In Chinese, usually the title follows the family name. When speaking to (or about) a Chinese person in English, then the title is said before the family name. For example, Liu Xiansheng (Mr. Liu) and Liu Jingli (Manager Liu). Women’s names cannot be distinguished from men’s names. Chinese women use their maiden names even after marriage, but may indicate marital status by using Mrs. , Ms. , Miss, or Madam. Mrs. Wang might be married to Mr. Liu. Chinese form of greeting usually is a brief handshake and should be even gentler by a slight nod.
It shows expression of warmth. Besides that, we should cover the normal handshake with our left hand and lower our eyes slightly it is as a sign of respect. 4. Chinese Taboo Word In ancient China, the Chinese regarded the names of their emperors and elders as taboos. It was forbidden to write the name of an emperor when quoting anything old or composing anything new. To avoid such problems, later emperors were given names with characters invented for them — characters that were utterly useless for any other purpose.
Since a Chinese character has different elements, or morphemes, and most Chinese names mean something, there were some ways to avoid tattoo words for ordinary people. For instance, a person can use any word element morpheme of a taboo word as his/her name; replace the taboo word with its synonyms or parasynonyms; use homophones or words with similar pronunciation as substitutes of the taboo word; change the pronunciation of the tattoo word when using it; use characters in similar shapes; add components to the taboo character to create a new one and so on.
Chinese taboo number Good things come in pairs so odd numbers are avoided for birthdays and weddings. However, to avoid bad things happening in pairs, burials and giving gifts to the ill are not held on even numbered days. Four – the number four (?, sì) sounds like death (?, si) so the number four is avoided particularly on phone numbers, license plates and addresses. While addresses do contains fours, the rent is usually less and apartments on the fourth floor are typically rented by foreigners. 6. Chinese Taboo at work
Shopkeepers may opt not to read a book at work because book (?, shu) sounds like lose (?, shu). Shopkeepers who read may be afraid their businesses will suffer losses When it comes to sweeping, shopkeepers are careful not to sweep toward the door, especially during Chinese New Year, in case good fortune is swept out the front door. 7. Chinese Taboo when peeing The Chinese have often had this abstinence and usually remind their kids to never pee anyplace just they like.
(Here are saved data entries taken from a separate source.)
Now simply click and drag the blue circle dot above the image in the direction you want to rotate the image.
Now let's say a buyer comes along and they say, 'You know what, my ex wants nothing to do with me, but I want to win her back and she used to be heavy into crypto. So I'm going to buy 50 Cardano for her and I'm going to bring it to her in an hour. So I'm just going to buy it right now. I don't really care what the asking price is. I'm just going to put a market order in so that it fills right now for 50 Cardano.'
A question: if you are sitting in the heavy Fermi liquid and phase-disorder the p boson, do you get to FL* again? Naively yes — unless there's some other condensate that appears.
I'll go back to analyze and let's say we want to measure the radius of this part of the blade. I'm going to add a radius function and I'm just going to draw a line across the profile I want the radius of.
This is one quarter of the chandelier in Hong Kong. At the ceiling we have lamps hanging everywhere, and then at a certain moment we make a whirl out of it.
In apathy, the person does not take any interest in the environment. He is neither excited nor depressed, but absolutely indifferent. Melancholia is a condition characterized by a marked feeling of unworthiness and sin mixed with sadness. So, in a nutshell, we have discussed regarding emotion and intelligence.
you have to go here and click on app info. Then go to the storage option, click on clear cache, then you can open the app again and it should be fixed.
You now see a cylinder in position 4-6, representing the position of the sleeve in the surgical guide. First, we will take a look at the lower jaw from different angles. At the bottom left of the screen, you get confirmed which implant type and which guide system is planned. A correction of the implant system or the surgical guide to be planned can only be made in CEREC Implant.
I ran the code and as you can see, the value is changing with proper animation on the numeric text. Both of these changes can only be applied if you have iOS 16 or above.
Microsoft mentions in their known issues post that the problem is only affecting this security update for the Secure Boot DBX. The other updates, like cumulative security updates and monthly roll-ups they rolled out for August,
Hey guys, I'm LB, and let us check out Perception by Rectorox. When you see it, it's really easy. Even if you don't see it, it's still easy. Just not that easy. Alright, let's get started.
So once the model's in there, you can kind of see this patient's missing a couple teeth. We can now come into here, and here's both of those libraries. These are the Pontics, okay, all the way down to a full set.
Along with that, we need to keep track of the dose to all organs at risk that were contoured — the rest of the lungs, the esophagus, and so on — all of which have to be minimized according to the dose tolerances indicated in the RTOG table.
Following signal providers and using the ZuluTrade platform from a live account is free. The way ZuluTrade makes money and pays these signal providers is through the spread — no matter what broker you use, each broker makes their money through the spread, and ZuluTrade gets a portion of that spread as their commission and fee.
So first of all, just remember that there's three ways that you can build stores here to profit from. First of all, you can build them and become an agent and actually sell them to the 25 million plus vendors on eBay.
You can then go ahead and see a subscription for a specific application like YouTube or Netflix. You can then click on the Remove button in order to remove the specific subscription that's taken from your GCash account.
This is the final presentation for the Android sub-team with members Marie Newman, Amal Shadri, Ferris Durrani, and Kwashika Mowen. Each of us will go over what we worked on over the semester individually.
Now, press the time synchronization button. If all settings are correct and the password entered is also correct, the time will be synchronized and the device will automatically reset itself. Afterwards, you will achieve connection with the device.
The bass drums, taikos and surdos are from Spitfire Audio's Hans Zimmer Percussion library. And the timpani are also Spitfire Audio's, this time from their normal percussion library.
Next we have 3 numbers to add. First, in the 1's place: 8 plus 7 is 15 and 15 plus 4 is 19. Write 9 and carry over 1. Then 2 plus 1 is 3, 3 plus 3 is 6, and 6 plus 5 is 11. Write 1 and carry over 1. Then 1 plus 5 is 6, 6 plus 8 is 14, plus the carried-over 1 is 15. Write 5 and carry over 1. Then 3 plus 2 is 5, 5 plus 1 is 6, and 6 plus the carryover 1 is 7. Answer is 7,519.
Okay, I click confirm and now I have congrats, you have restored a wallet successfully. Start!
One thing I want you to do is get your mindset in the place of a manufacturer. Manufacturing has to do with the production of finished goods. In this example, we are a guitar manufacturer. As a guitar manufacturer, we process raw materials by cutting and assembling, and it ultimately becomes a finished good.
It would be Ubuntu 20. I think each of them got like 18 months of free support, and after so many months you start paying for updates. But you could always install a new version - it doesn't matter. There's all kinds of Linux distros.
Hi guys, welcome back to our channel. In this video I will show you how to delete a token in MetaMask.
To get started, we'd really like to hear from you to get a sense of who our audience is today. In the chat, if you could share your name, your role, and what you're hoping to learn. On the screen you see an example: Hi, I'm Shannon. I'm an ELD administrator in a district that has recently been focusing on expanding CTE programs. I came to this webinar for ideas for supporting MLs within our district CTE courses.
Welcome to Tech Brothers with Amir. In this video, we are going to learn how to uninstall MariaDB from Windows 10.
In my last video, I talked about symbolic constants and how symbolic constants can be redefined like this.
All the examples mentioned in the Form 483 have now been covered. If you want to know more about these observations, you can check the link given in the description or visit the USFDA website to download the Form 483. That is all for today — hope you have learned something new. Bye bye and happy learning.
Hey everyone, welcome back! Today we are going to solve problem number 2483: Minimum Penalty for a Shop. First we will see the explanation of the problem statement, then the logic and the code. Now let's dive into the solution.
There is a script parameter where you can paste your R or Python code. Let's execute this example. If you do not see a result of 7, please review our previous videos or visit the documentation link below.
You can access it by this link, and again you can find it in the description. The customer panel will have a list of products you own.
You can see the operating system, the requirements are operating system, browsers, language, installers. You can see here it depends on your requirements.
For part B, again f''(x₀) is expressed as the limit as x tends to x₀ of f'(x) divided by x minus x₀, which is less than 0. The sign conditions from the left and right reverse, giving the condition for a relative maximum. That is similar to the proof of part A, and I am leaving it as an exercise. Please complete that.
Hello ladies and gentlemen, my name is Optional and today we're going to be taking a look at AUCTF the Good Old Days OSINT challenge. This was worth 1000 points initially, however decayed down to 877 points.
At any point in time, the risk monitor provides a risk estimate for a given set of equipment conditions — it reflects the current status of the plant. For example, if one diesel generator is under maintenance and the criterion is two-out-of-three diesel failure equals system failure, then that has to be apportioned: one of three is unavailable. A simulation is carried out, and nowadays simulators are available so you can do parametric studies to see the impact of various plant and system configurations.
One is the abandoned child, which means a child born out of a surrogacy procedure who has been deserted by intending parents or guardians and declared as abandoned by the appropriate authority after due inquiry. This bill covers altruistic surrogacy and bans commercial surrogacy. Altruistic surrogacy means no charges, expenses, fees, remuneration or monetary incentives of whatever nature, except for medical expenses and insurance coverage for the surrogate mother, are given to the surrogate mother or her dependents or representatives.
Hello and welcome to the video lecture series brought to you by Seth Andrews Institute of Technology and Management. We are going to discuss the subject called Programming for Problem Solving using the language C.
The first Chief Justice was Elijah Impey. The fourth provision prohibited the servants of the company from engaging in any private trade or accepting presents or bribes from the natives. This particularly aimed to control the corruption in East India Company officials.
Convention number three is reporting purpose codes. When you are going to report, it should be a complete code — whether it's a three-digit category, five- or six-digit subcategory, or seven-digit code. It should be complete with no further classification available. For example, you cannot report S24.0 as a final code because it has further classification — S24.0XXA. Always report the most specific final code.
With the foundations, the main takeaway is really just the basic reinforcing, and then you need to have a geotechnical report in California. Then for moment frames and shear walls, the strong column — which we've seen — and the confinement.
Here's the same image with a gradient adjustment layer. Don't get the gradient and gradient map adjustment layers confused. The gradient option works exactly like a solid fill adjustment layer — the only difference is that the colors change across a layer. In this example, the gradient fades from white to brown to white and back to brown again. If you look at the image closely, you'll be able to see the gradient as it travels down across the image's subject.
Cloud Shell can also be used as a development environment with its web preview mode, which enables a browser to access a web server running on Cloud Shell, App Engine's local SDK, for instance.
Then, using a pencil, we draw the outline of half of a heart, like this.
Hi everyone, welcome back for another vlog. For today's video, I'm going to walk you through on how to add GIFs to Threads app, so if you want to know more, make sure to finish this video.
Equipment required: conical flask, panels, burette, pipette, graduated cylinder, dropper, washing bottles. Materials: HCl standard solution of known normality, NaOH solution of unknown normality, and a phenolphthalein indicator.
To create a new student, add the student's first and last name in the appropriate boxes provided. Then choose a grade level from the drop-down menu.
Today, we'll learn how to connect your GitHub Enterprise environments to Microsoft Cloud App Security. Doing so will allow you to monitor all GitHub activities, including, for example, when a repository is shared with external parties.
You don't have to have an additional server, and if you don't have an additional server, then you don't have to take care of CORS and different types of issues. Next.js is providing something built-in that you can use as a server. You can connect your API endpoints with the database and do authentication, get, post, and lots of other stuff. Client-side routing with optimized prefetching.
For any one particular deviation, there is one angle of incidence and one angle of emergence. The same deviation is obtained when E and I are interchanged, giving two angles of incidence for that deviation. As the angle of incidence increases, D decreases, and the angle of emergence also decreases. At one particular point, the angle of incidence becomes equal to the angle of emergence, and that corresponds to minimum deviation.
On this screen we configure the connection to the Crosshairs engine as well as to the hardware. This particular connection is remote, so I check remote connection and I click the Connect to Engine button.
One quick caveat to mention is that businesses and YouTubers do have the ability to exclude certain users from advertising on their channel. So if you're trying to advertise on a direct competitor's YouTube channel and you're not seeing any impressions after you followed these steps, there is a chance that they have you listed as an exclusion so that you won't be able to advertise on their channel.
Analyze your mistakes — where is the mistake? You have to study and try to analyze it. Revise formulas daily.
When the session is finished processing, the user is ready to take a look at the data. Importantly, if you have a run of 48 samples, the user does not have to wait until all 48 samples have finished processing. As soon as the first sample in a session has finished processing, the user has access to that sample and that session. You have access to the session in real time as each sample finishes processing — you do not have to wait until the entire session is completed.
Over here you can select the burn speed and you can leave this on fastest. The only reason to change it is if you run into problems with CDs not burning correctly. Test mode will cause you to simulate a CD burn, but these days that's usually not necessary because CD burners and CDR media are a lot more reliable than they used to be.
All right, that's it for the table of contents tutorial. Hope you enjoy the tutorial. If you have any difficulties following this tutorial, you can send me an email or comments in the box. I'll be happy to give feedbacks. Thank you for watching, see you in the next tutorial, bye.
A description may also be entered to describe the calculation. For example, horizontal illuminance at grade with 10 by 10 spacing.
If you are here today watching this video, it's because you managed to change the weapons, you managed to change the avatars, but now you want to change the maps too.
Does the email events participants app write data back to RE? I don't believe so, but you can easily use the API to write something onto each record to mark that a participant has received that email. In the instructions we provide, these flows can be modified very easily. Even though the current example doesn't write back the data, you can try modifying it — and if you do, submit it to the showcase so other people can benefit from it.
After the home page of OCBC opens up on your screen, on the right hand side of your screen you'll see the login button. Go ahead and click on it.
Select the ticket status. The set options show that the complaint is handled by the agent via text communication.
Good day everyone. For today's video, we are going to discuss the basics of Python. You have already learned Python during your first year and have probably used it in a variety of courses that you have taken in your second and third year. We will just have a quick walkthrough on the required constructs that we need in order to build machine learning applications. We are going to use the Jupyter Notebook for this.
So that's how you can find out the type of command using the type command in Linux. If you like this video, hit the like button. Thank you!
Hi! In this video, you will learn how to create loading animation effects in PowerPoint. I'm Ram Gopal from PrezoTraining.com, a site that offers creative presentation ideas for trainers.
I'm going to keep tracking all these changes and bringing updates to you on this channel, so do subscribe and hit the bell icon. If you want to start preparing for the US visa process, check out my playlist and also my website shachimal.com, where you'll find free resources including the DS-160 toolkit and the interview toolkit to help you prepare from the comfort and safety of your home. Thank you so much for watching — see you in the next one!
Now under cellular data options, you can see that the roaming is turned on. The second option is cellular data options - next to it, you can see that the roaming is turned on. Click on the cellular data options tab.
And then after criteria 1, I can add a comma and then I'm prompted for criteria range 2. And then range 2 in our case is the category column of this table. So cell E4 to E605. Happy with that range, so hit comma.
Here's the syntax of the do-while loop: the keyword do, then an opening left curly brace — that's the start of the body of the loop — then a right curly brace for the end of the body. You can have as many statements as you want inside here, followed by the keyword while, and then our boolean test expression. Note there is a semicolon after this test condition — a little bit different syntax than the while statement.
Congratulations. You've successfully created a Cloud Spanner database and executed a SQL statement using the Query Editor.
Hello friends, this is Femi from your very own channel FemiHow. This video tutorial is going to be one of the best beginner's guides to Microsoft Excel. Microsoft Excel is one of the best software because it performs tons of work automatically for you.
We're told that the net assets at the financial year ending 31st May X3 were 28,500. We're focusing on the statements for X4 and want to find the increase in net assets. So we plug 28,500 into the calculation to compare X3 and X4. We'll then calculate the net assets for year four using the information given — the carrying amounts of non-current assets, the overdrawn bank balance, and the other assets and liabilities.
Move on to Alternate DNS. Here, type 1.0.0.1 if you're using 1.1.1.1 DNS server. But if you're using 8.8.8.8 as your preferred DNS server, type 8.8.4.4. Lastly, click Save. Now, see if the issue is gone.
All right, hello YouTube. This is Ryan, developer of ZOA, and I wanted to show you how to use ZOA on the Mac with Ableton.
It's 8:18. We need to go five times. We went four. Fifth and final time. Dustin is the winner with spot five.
This can be a harmful factor to perform because you might inadvertently be peeing on some wandering spirit, or on an nt hill or rabbit hole.
This causes you to inadvertently insult the land spirit dwelling there and its retaliation may cause your genitals to become swollen and pink, trigger you to obtain sick as well as make you suffer undesirable luck. 8. Conclusion Chinese is full with their own uniqueness in term of traditions and culture. Taboos are part of their culture. It is important for them to follow and respect it as it reflects something that they believe for. However, even though superstitions usually defy conventional logic but there always has their own goodness which could benefits its practitioners.